Ce dernier lieu semble si attrayant qu’il est impossible de ne pas se lever tôt pour le découvrir. Vers cinq heures du matin, les locaux commencent à arriver avec leurs produits. Beaucoup le portent sur le dos, portant un paquet sur le dos. Ils viennent de toute la vallée et surtout, ils s’occupent de la vente. Ils avaient raison au MIL : l’émeute sensorielle au marché fermier d’Urubamba est accablante.
Le plaisir d’un bon marché
Les costumes traditionnels brillent autant que les laitues – aux dimensions enviables –, les fruits – disposés comme un arc-en-ciel –, les piments, les pommes de terre… Du coup, une sélection de curieuses racines que les indigènes récoltent à plus de 4 000 mètres d’altitude, s’expose comme un musée. Du maïs de toutes tailles imaginables, quelques étals de poissons (la truite est la best-seller) et quelques poulets vivants que le propriétaire ne peut pas contrôler.
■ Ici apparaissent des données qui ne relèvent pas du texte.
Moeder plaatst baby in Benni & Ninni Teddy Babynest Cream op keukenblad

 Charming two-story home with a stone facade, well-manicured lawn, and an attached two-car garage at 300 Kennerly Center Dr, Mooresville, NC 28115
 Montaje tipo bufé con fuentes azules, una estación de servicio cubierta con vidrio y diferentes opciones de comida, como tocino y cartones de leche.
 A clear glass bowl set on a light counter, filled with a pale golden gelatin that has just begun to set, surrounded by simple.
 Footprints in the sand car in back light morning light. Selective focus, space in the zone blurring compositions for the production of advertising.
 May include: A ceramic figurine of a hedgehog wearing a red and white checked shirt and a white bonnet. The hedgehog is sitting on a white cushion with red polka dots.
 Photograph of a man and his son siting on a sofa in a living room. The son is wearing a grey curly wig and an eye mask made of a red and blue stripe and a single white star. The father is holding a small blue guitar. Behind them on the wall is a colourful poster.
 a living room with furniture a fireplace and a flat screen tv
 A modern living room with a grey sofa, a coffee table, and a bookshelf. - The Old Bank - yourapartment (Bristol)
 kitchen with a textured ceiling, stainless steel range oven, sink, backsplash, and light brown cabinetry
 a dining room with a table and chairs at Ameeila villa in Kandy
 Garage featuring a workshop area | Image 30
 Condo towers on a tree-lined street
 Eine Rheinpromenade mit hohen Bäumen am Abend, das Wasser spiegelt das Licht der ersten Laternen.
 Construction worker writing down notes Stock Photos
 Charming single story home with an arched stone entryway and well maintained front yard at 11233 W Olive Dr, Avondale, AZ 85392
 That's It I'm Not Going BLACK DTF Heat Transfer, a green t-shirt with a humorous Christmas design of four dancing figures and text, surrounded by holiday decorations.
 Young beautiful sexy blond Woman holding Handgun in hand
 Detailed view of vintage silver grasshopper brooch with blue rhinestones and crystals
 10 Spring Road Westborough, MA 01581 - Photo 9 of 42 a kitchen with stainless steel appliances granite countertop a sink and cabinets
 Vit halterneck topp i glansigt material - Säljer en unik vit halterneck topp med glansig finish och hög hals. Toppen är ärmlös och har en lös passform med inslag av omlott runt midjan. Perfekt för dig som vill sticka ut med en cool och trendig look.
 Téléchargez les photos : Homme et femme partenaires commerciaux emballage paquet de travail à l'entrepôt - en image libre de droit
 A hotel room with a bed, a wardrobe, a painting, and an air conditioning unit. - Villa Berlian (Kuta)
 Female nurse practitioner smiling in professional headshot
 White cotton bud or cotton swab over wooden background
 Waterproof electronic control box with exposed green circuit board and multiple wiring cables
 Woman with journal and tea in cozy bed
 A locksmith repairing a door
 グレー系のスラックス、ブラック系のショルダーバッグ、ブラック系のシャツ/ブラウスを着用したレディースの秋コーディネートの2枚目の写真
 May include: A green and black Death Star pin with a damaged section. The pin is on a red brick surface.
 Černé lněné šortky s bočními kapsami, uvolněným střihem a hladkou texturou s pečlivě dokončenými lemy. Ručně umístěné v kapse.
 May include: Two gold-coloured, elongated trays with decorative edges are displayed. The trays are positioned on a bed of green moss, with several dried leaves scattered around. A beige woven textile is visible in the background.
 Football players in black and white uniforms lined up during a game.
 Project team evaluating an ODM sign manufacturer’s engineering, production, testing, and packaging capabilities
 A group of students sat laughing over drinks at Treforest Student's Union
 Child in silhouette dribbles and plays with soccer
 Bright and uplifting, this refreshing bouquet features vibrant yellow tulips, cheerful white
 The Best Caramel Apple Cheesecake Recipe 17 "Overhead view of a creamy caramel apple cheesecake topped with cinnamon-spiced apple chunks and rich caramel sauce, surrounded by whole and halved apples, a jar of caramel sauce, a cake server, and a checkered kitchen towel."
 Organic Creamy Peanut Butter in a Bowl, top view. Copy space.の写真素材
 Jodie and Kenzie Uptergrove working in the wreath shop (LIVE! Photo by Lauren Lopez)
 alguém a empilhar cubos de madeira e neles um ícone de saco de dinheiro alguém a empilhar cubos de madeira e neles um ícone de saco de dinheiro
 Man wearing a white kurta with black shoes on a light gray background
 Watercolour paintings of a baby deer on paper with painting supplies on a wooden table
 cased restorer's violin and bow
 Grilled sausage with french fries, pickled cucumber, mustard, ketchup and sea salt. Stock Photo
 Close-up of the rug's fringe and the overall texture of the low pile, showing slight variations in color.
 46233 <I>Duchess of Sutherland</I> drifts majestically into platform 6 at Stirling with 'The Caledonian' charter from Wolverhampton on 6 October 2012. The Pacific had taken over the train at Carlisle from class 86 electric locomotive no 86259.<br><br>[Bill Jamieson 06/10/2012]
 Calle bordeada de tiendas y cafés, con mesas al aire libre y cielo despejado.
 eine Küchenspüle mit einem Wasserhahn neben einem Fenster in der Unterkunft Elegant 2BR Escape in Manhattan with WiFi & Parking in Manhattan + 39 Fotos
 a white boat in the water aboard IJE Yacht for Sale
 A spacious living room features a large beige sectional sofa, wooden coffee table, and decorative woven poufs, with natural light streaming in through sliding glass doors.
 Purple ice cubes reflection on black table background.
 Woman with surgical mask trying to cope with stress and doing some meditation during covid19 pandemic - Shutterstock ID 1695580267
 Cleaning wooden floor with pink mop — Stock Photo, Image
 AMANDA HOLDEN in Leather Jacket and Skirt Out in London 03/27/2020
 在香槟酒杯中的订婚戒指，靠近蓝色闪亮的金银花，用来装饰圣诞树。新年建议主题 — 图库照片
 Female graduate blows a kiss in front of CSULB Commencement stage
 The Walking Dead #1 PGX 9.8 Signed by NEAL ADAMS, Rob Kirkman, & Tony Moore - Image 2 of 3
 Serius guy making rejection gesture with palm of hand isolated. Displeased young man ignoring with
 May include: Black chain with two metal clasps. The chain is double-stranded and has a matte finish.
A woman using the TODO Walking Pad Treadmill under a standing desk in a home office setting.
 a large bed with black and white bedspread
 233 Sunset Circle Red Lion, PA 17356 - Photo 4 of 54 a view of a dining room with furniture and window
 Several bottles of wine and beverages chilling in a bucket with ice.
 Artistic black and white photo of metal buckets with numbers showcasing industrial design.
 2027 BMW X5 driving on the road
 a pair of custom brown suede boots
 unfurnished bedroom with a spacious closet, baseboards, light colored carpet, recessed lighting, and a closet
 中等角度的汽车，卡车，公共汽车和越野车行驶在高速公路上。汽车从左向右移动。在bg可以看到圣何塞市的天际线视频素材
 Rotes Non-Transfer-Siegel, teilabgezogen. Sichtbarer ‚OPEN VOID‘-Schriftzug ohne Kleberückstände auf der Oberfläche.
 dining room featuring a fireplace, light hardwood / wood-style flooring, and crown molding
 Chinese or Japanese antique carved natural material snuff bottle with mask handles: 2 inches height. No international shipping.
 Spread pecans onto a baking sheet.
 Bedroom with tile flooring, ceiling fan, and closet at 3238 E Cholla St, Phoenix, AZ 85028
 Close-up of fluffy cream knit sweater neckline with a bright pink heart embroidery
Six heures ont sonné sans qu’on s’en rende compte, le soleil brille déjà haut sur ce souk qu’il ne faut pas confondre avec celui qui ouvre quotidiennement. C’est le marché des producteurs et, à ce titre, chaque voisin plante en terre ce que la terre lui a donné cette semaine-là. Les cuisiniers qui, avec leurs tabliers, préparent pour le petit-déjeuner des couennes de porc étuvées, fraîchement frites et des petits pains farcis au fromage paipa ne manquent pas à l’événement.
Pendant que nous dégustons un pain chapla bien chaud avec notre guide, Linder Vega, chef de l’hôtel Tambo del Inka, un des cuisiniers du MIL apparaît à la recherche d’un rocoto épicé. «Je vous l’avais bien dit», nous prévient-il.
Les tambos étaient des endroits où les soldats incas pouvaient s’arrêter pour se ravitailler et/ou se reposer. Celui géré par la chaîne Marriott à Urubamba est un luxueux hôtel cinq étoiles où un éco-jardin occupe une place centrale : 70 pour cent des légumes qu’ils utilisent viennent d’ici : sachatomates, courges huacatay, herbes aromatiques des Incas… Le marché fermier fournit le reste.